**Task description:**
Copy the lines word for word. Begin at the line that contains "Panglima TNI saat" and end with the final line of the data.

[Stored dataset items]
=-=-=

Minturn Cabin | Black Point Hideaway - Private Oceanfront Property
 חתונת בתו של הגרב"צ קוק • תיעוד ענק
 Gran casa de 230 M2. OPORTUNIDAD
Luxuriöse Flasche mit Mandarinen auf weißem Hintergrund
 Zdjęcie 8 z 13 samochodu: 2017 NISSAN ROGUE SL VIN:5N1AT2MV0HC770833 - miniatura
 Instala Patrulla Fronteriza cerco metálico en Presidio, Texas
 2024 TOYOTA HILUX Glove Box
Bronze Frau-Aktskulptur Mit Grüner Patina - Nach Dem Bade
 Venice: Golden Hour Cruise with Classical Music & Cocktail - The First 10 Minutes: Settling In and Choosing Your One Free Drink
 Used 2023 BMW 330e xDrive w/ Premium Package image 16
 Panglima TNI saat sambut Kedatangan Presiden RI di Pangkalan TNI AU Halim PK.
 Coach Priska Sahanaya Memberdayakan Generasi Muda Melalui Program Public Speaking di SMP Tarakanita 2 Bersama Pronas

=-=-=

**Output below:**
 Panglima TNI saat sambut Kedatangan Presiden RI di Pangkalan TNI AU Halim PK.
 Coach Priska Sahanaya Memberdayakan Generasi Muda Melalui Program Public Speaking di SMP Tarakanita 2 Bersama Pronas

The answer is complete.